High-performance time-series data warehouse built on DuckDB, Parquet, and MinIO.
⚠️ Alpha Release - Technical Preview Arc Core is currently in active development and evolving rapidly. While the system is stable and functional, it is not recommended for production workloads at this time. We are continuously improving performance, adding features, and refining the API. Use in development and testing environments only.
- High-Performance Ingestion: MessagePack binary protocol (recommended), InfluxDB Line Protocol (drop-in replacement), JSON
- DuckDB Query Engine: Fast analytical queries with SQL
- Distributed Storage with MinIO: S3-compatible object storage for unlimited scale and cost-effective data management (recommended). Also supports local disk, AWS S3, and GCS
- Data Import: Import data from InfluxDB, TimescaleDB, HTTP endpoints
- Query Caching: Configurable result caching for improved performance
- Production Ready: Docker deployment with health checks and monitoring
Arc achieves 1.89M records/sec with MessagePack binary protocol!
Metric | Value | Notes |
---|---|---|
Throughput | 1.89M records/sec | MessagePack binary protocol |
p50 Latency | 21ms | Median response time |
p95 Latency | 204ms | 95th percentile |
Success Rate | 99.9998% | Production-grade reliability |
vs Line Protocol | 7.9x faster | 240K → 1.89M RPS |
Tested on Apple M3 Max (14 cores), native deployment with MinIO
🎯 Optimal Configuration:
- Workers: 3x CPU cores (e.g., 14 cores = 42 workers)
- Deployment: Native mode (2.4x faster than Docker)
- Storage: MinIO native (not containerized)
- Protocol: MessagePack binary (
/write/v2/msgpack
)
Native deployment delivers 1.89M RPS vs 570K RPS in Docker (2.4x faster).
# One-command start (auto-installs MinIO, auto-detects CPU cores)
./start.sh native
# Alternative: Manual setup
python3.11 -m venv venv
source venv/bin/activate
pip install -r requirements.txt
cp .env.example .env
# Start MinIO natively (auto-configured by start.sh)
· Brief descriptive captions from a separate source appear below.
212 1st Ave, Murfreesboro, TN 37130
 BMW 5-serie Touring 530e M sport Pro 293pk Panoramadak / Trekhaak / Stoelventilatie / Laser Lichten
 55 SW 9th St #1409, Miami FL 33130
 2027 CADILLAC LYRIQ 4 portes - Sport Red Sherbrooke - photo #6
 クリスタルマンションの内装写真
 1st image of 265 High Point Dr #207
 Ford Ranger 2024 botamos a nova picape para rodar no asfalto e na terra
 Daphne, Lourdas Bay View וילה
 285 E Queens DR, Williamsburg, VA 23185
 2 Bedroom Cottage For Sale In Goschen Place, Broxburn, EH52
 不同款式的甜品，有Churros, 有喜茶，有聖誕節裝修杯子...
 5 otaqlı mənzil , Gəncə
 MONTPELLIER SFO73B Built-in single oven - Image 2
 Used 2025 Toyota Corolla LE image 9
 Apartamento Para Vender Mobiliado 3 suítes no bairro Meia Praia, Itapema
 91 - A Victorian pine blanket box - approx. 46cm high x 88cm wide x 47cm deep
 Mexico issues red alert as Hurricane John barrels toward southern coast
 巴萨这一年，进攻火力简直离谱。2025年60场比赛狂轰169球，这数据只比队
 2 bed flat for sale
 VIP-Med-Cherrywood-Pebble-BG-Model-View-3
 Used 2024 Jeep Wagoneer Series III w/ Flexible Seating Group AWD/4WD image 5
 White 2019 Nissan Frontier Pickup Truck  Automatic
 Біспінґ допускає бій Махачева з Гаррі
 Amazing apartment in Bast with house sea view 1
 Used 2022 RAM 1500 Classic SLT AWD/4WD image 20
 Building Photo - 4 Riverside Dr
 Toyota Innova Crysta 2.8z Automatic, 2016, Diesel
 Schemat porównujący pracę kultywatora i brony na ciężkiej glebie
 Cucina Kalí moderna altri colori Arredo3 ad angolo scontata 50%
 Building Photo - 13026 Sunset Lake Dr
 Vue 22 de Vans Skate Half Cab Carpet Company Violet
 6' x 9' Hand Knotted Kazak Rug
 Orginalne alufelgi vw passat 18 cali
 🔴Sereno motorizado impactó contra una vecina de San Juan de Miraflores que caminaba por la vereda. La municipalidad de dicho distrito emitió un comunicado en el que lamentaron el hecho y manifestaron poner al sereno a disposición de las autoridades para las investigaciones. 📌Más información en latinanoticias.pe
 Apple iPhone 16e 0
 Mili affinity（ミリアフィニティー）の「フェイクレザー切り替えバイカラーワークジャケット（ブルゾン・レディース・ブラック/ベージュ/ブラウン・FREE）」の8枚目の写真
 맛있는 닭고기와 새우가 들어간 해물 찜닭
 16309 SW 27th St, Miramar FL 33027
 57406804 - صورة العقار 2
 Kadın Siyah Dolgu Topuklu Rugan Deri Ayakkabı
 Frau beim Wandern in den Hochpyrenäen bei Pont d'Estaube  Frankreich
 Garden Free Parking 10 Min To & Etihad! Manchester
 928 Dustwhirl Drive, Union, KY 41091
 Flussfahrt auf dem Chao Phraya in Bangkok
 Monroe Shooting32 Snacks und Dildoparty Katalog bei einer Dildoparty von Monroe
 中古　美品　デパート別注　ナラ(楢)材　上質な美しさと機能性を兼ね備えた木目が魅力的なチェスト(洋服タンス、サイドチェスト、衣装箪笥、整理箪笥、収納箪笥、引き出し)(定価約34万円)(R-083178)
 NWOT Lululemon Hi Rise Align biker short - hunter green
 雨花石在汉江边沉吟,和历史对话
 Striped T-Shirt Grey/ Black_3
brew install minio/stable/minio minio/stable/mc # macOS
# OR download from https://min.io/download for Linux
# Start Arc (auto-detects optimal worker count: 3x CPU cores)
./start.sh native
Arc API will be available at http://localhost:8000
MinIO Console at http://localhost:9001
(minioadmin/minioadmin)
# Start Arc Core with MinIO
docker-compose up -d
# Check status
docker-compose ps
# View logs
docker-compose logs -f arc-api
# Stop
docker-compose down
Note: Docker mode achieves ~570K RPS. For maximum performance (1.89M RPS), use native deployment.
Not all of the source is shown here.